Turo

The security center never sleeps. The lights stay cold on purpose.

No warmth, no softness, nothing that might convince a man he can let his guard down.

Screens line the walls in neat grids, feeds shifting between gates and corridors and tree lines, drones hovering like mechanical vultures over my land.

In the center of the room, a long table holds tablets, printouts, and coffee that no one drinks because no one trusts anything that might slow the edge.

It was built to make danger feel like data. But I’m learning something about fatherhood. Some dangers don’t become manageable just because you name them. Some dangers only become real.

Lucia sits at the far end of the table, back straight, hair pulled up like she styled it at the gala when she had to make herself untouchable.

She’s holding a pen she doesn’t need, turning it between her fingers like it’s a tool that keeps her tethered.

Her face is calm. Her eyes are not. They track every movement in the room.

Every door opening. Every guard shifting his weight.

Her body is here, but part of her is still standing between Nico and the world, arms spread, teeth bared.

I understand her.

I understand her too well.

Matteo clears his throat. The sound pulls the room to attention the way gunfire does. Every head turns. Every jaw tightens. Men who’ve killed without blinking suddenly needing permission to breathe.

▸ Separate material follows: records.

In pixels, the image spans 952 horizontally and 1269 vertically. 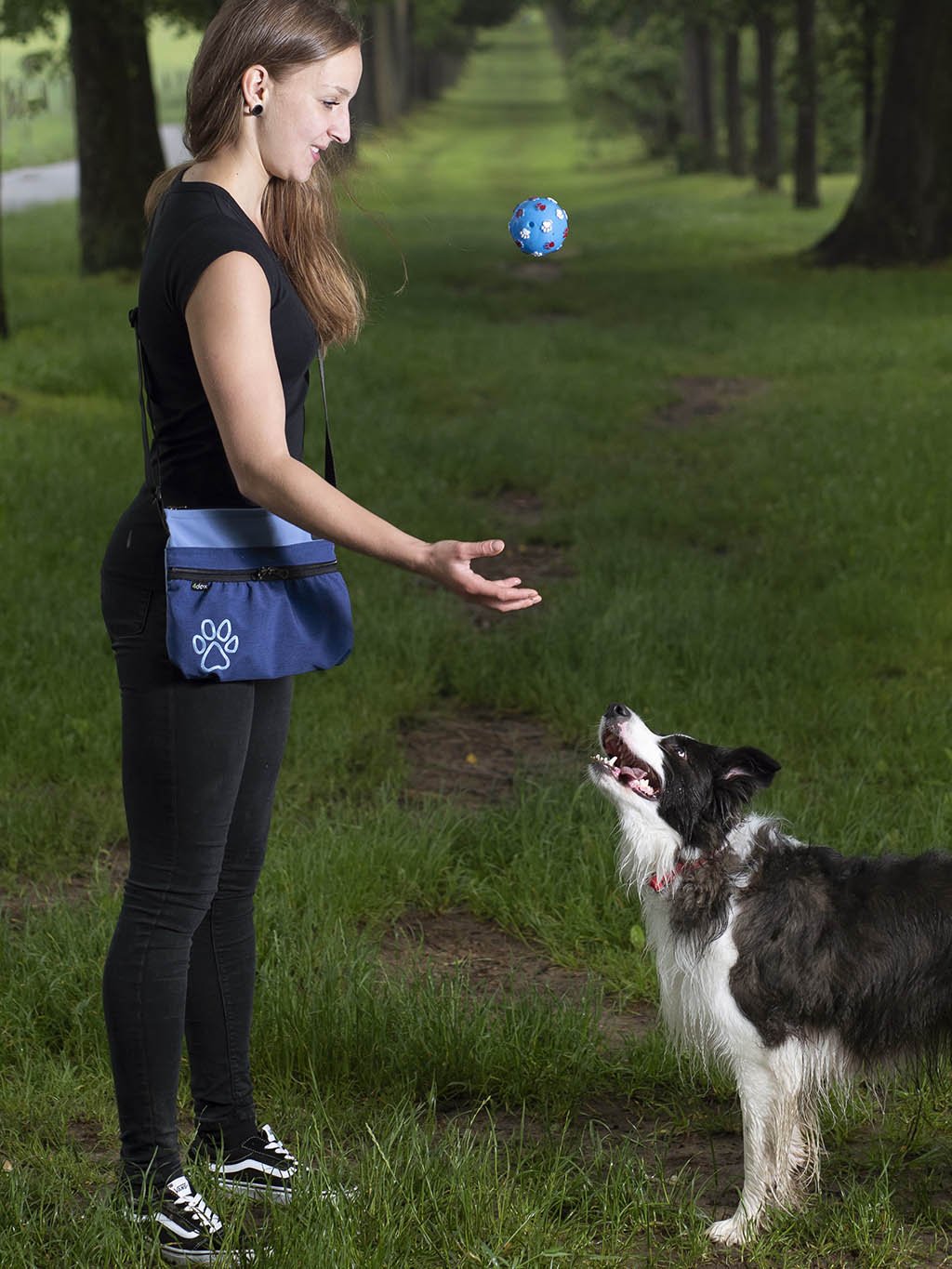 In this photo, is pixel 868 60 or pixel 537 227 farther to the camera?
pixel 868 60

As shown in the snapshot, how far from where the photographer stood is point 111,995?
118 inches

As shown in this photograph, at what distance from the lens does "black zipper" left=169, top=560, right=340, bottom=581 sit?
2.84 meters

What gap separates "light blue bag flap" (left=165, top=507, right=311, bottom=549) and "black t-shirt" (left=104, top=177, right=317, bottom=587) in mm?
23

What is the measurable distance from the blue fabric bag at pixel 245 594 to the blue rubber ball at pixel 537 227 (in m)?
1.26

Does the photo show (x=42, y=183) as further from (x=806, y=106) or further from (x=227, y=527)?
(x=227, y=527)

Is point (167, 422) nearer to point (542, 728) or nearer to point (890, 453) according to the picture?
point (542, 728)

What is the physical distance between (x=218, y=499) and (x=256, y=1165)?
1.58 meters

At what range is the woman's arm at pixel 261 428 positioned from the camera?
2.61 meters

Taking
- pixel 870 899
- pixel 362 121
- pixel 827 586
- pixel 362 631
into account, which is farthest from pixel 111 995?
pixel 827 586

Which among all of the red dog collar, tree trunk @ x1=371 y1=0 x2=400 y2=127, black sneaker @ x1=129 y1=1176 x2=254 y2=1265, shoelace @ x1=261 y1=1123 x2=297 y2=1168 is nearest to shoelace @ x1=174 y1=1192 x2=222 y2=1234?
black sneaker @ x1=129 y1=1176 x2=254 y2=1265

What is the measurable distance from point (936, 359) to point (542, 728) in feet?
28.8

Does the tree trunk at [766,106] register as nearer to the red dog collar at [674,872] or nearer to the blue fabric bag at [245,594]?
the red dog collar at [674,872]

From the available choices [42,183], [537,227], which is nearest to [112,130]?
[537,227]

“Number trace came back,” he says, and slides a printout across the table toward me. “Burner. Bought cash.”

“Where?” I ask.

He taps the paper. “Kiosk off Via San Luca.”

That street sits under Enzo’s route. It’s a convenient artery between his townhouse and the estate. It’s quiet, predictable, unremarkable. The kind of place a man chooses when he doesn’t want cameras noticing patterns.

“Time?”

“Yesterday,” Matteo says. “Mid-morning. Two hours after your car left the drive.”

Two hours after I kissed Lucia in the security center and told her we would end this. My jaw locks. Lucia’s hand tightens on her pen.

“Purchased by who?” Gianni asks, though we all know the answer. We’re men. We ask questions to delay impact.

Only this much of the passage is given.